··· Data to use

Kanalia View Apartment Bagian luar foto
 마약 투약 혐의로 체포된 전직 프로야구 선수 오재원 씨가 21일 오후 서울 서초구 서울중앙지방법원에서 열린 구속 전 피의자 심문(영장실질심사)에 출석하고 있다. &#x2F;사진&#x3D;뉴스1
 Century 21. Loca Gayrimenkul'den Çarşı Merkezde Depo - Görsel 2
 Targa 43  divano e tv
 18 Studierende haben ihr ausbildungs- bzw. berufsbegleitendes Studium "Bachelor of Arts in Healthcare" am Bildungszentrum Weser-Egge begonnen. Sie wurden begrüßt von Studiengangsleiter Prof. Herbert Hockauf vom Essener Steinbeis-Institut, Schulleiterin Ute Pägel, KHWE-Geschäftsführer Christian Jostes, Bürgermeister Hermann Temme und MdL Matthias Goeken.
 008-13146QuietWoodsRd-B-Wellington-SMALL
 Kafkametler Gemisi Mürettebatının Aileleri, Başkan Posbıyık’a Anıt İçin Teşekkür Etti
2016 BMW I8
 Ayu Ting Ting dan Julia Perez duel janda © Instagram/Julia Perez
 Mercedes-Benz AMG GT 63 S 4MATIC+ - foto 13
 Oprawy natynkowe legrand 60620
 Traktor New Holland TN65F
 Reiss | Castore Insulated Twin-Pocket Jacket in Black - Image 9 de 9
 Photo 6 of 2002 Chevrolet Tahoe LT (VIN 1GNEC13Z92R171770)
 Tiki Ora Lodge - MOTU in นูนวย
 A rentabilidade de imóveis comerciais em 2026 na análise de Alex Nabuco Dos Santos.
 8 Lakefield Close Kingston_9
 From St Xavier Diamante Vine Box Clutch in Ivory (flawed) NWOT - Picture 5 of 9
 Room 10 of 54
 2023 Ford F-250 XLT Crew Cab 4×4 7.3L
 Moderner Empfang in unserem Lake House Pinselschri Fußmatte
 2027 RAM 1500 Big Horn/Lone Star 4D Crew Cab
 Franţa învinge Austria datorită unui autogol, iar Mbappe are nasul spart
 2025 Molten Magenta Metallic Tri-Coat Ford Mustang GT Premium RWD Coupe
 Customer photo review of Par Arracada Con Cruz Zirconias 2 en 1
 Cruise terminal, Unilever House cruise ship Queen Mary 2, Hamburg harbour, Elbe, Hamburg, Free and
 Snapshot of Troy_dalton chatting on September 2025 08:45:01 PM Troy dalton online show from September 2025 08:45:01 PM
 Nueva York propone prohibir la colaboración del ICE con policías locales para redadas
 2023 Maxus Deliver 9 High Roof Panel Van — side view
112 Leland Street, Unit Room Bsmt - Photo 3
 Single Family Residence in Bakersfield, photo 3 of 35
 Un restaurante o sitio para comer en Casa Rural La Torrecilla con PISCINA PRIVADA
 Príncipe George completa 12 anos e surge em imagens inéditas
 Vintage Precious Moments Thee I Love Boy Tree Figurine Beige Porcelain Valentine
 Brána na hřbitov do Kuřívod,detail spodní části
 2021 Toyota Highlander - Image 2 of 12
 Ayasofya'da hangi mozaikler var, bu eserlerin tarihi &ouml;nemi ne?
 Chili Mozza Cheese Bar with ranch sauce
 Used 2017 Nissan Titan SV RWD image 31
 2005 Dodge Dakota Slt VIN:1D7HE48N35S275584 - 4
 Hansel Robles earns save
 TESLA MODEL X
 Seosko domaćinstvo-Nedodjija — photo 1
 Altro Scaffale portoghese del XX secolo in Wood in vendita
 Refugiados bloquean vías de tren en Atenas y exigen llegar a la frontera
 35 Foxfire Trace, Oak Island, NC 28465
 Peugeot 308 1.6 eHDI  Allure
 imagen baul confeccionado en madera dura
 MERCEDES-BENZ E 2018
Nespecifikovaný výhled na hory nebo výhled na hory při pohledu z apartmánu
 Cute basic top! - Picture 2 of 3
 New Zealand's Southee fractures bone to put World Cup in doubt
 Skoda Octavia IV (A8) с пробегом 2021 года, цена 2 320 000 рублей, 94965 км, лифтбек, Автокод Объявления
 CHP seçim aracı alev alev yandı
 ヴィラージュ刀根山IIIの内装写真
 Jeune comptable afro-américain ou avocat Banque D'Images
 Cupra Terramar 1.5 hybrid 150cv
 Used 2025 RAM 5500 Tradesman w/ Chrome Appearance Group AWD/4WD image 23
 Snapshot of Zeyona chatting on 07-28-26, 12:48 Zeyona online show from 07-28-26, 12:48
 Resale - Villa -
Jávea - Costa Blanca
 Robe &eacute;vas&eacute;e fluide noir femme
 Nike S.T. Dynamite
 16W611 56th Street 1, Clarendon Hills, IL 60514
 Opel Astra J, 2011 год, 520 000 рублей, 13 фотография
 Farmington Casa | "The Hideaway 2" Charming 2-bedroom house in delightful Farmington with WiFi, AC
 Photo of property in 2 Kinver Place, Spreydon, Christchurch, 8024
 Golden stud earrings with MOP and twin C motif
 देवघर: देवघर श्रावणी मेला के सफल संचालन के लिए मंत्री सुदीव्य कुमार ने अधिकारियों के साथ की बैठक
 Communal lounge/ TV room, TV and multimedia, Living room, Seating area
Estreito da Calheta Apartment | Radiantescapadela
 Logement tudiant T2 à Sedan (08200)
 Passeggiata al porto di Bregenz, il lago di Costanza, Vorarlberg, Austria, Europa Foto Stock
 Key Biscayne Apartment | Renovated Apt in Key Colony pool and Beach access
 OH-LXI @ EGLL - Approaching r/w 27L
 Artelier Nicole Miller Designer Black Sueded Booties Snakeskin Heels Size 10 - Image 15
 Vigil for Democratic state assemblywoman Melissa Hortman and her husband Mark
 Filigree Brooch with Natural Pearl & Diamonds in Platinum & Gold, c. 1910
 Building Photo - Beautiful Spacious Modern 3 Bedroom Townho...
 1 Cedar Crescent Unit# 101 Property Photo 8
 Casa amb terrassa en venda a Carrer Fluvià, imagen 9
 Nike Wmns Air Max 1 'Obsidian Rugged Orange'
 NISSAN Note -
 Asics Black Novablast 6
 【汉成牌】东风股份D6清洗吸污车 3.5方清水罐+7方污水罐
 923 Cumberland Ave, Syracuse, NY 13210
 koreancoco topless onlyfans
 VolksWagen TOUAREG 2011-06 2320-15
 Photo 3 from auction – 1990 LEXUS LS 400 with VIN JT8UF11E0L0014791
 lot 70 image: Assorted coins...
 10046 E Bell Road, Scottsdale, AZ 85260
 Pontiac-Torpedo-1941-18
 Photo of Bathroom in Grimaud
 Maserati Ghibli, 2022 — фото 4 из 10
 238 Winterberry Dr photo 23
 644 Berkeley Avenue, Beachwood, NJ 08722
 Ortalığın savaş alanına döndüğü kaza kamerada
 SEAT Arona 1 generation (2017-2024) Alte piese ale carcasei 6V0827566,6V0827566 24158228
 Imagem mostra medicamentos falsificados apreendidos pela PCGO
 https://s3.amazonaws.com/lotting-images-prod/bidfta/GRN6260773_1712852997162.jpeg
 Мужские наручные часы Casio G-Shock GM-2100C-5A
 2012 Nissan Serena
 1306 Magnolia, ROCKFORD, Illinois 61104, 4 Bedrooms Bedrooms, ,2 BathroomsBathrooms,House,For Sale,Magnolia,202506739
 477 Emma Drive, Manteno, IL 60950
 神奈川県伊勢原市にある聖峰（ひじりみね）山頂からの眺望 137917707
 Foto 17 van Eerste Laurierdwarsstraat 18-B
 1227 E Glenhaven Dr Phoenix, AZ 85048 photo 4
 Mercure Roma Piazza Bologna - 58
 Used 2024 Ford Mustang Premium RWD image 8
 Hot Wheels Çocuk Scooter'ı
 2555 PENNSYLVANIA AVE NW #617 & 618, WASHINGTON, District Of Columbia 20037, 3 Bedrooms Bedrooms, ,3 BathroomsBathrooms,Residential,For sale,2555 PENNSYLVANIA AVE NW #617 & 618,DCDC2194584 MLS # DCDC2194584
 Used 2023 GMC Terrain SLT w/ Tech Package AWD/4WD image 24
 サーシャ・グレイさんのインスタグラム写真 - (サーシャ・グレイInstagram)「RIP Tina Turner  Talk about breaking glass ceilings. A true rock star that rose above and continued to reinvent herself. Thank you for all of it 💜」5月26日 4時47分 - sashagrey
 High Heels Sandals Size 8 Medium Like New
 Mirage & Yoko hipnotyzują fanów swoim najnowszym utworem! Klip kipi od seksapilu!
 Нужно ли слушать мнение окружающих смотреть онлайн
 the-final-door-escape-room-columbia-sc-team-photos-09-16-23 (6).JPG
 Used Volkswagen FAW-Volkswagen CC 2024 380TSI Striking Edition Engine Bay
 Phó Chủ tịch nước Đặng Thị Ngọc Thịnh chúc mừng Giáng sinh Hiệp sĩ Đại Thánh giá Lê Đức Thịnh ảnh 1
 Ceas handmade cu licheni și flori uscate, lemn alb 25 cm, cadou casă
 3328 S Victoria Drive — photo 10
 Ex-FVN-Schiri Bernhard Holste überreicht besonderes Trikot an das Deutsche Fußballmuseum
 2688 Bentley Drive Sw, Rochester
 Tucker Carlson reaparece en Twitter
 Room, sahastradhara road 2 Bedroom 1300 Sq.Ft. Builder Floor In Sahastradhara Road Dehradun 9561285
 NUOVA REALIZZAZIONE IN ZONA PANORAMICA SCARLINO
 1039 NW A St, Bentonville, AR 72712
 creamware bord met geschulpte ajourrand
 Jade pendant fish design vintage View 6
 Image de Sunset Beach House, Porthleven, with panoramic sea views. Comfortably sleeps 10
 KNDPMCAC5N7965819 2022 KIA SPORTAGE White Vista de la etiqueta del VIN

······

→ Exercise details
From the records above, print only the lines between the one holding "TESLA MODEL X" and the one holding "MERCEDES-BENZ E 2018", inclusive, exactly as they stand.

→ Answer section
 TESLA MODEL X
 Seosko domaćinstvo-Nedodjija — photo 1
 Altro Scaffale portoghese del XX secolo in Wood in vendita
 Refugiados bloquean vías de tren en Atenas y exigen llegar a la frontera
 35 Foxfire Trace, Oak Island, NC 28465
 Peugeot 308 1.6 eHDI  Allure
 imagen baul confeccionado en madera dura
 MERCEDES-BENZ E 2018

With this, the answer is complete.